Aim: NIEC classification of Portal Hypertensive Gastropathy (PHG) (“mild” and “severe”) is not predictive of gastric haemorrhage. We studied the predictive value of Endosonography (EUS) for bleeding risk in patients (pts) with PHG and liver cirrhosis.

Patients and Methods: From January to December 2005, 114 consecutive pts were enrolled into the study. The inclusion criteria were: 1) diagnosis of liver cirrhosis 2) endoscopic diagnosis of PHG 3) absence of previous bleeding from upper digestive tract and/or of any endoscopic therapy 4) absence of HCC 5) absence of portal vein thrombosis. The following endosonographic findings were studied: a) presence of submucosal gastric venules (SGV) and b) presence of peri-gastric collateral veins (PGCV). The mean follow-up (FU) was 18.7+/-3.4 months (range: 12–24 months). During the FU EUS was performed every six months.

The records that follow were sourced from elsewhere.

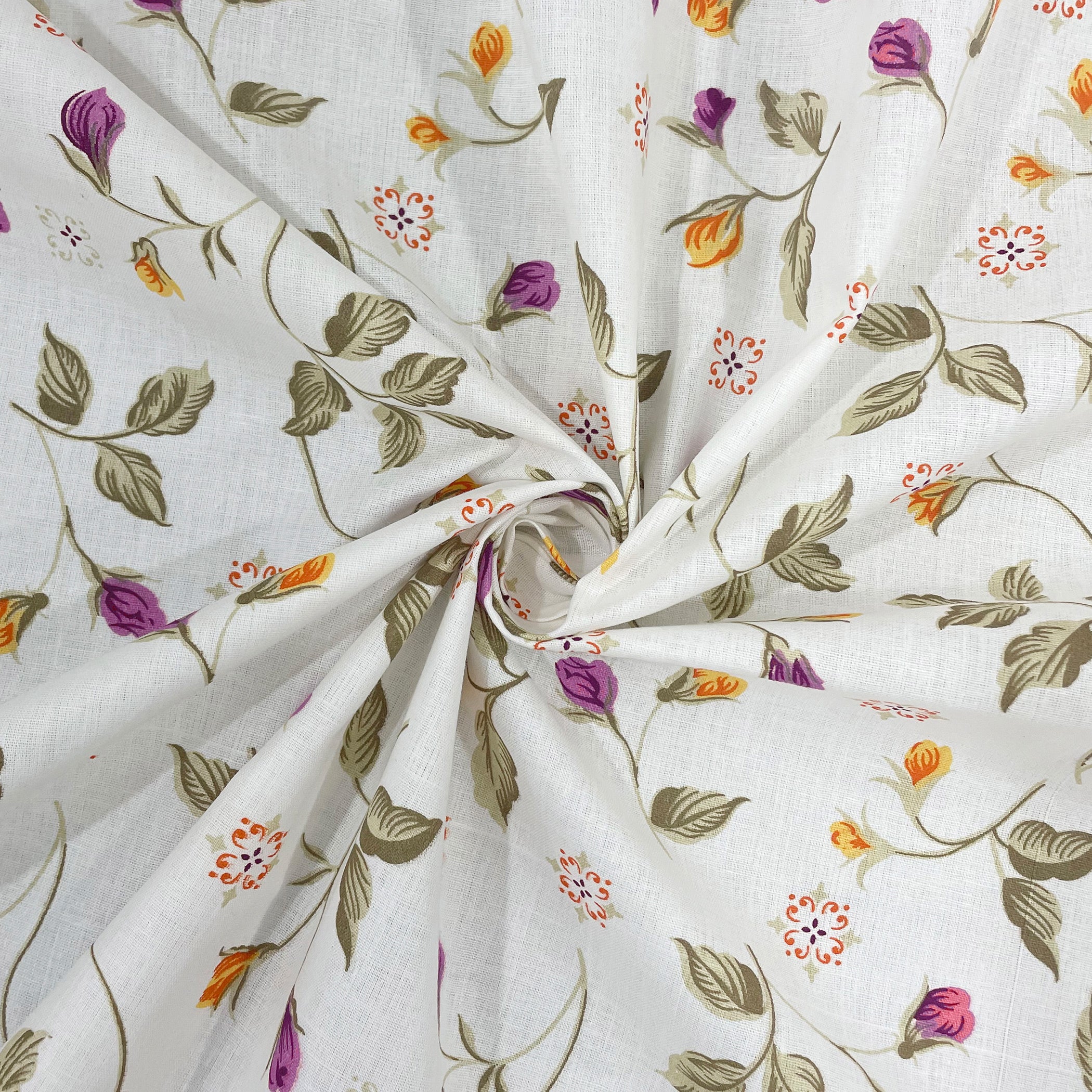White Floral Print Pure Cotton 160 TC Single Bedsheet with 1 Pillow Cover (60x90 Inches)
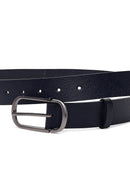 Men's Navy Leather Belt | Derimod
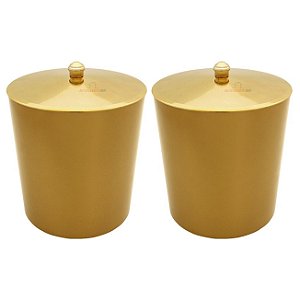 Kit 2 Lixeira 5 Litros Com Tampa Pino Metalizada Dourado Plástica Para Cozinha Banheiro - AMZ - Dourado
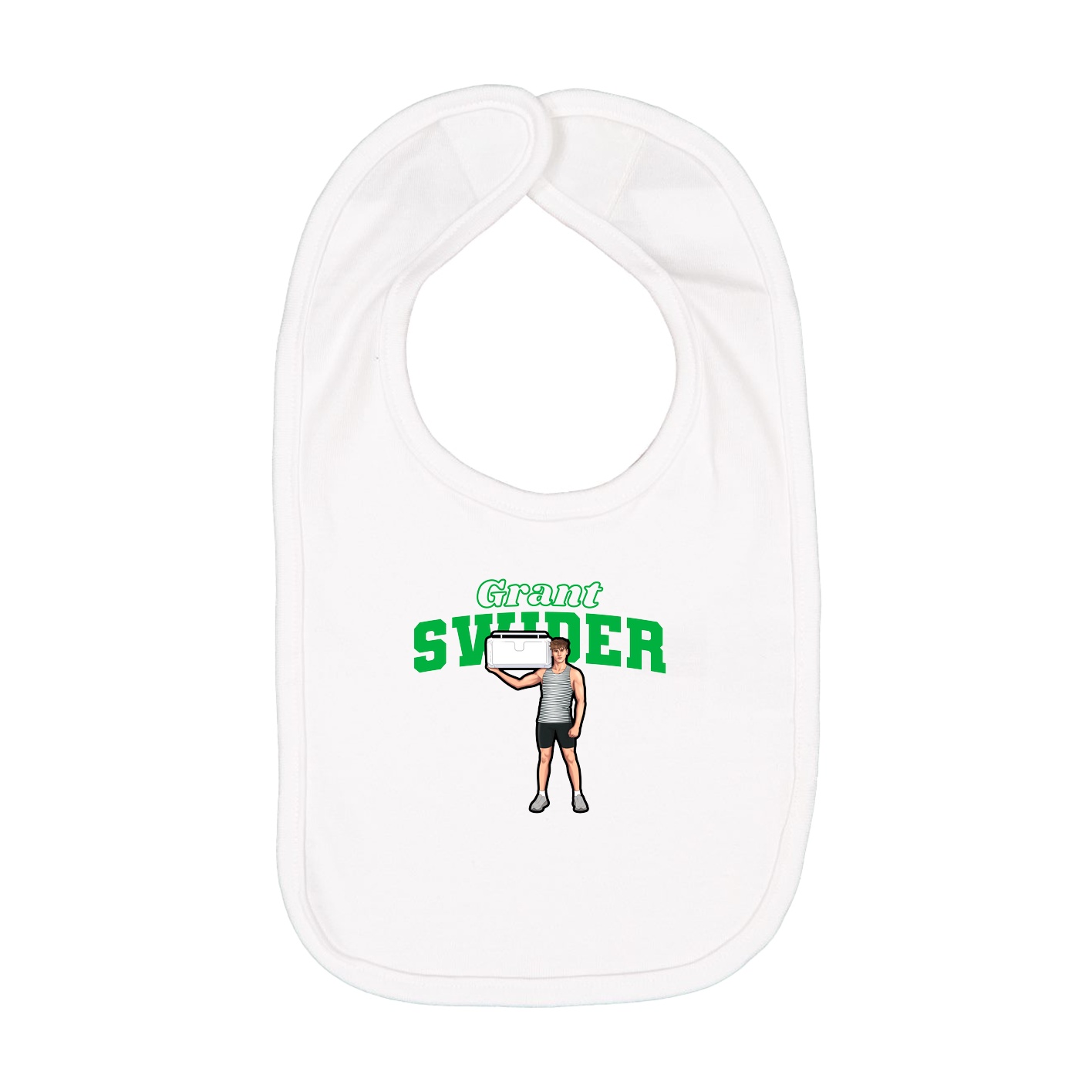 Infant Bib — Name Arch in White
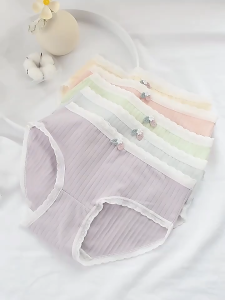 SEA AMILA   ชุดชั้นในผู้หญิงแบบสองชั้นด้วยผ้าฝ้ายป้องกันแบคทีเรียและขอบลูกไม้สำหรับความสบาย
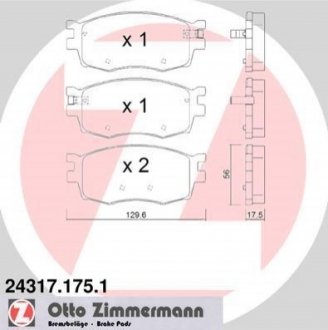 Гальмiвнi колодки дисковi ZIMMERMANN 243171751 (фото 1)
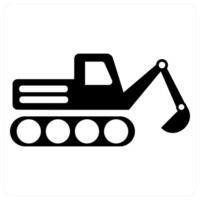 Excavator and digging icon concept in black filled color vector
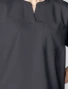 Mandarin collar close-up of Cherokee Workwear Revolution Women's Mandarin Collar Dolman Scrub Top CK00038 in Pewter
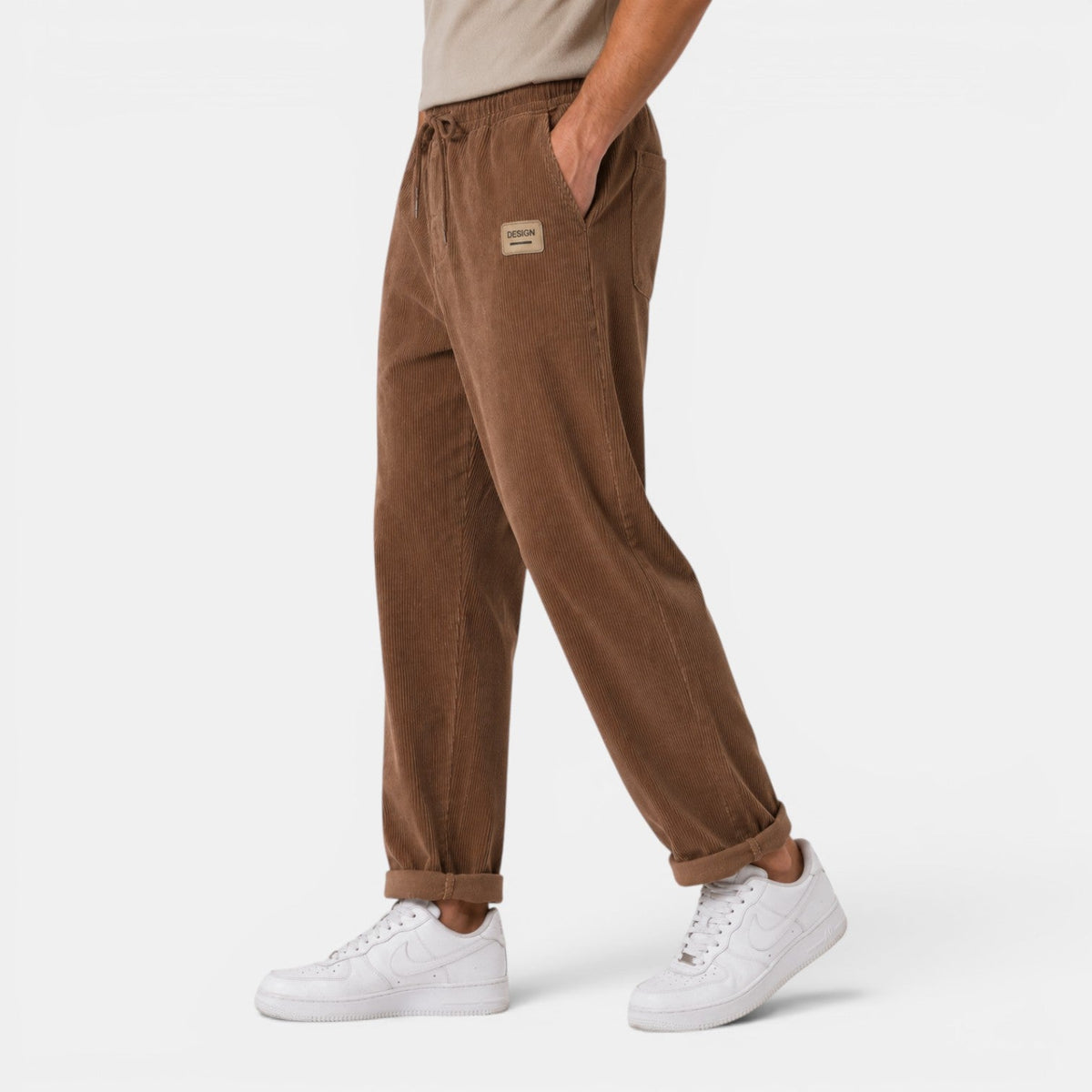 Męskie spodnie sztruksowe z prostymi nogawkami-Pants for Men-Olave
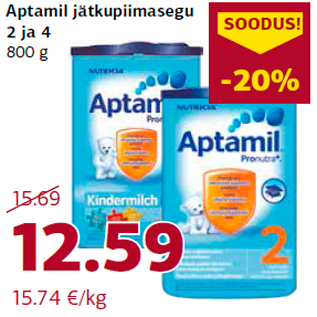 Allahindlus - Aptamil jätkupiimasegu 2 ja 4, 800 g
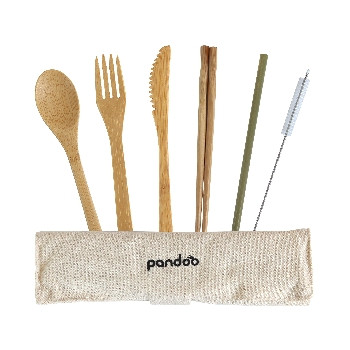 Pandoo bamboe reisset met bestek, stokjes en rietje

Results: The pts were grouped as follows based on endoscopic criteria: group 1 (70 pts, mild PHG) and group 2 (44 pts, severe PHG). EUS showed in group 1 SGV in 53 pts and SGV+ PGCV in 17 pts, and in group 2 SGV in 16 pts and SGV+PGCV in 28 pts. During the FU, 7 pts in Group 1 (10%) and 8 pts in Group 2 (18.2%) had gastric bleeding: the difference between mild and severe gastropathy was not statistically significant (p: n.s.)In group 1, 7/17 pts with SGV+ PGCV had chronic gastric bleeding, and in group 2, 6/28 pts with SGV+PGCV had chronic gastric bleeding and 2/28 pts had acute gastric haemorrhage. 15/45 (33.3%) pts with SGV+PGCV and none of pts with only SGV bled in the FU time (p<0.001). Eight of bleeding pts were in Child-Pugh class B of cirrhosis and seven in class C. In group 1, 15/53 pts with SGV and 10/17 with SGV+PGCV were on treatment with beta-blockers +/- nitroderivates at the enrollment in the study. The same therapy was performed in group 2 in 10/16 pts with SGV and in 19/28 pts with SGV+PGCV. All pts but two (died for cirrhosis-related complications) completed the overall follow-up. Both chronic and acute bleeding occurred in pts with evidence of SGV plus PGCV at the first EUS. The two acute haemorragic pts had severe PHG at endoscopy.

Conclusions: Endosonographic features like presence of both SGV and PGCV seem to correlate with the risk of bleeding better than the endoscopic classification.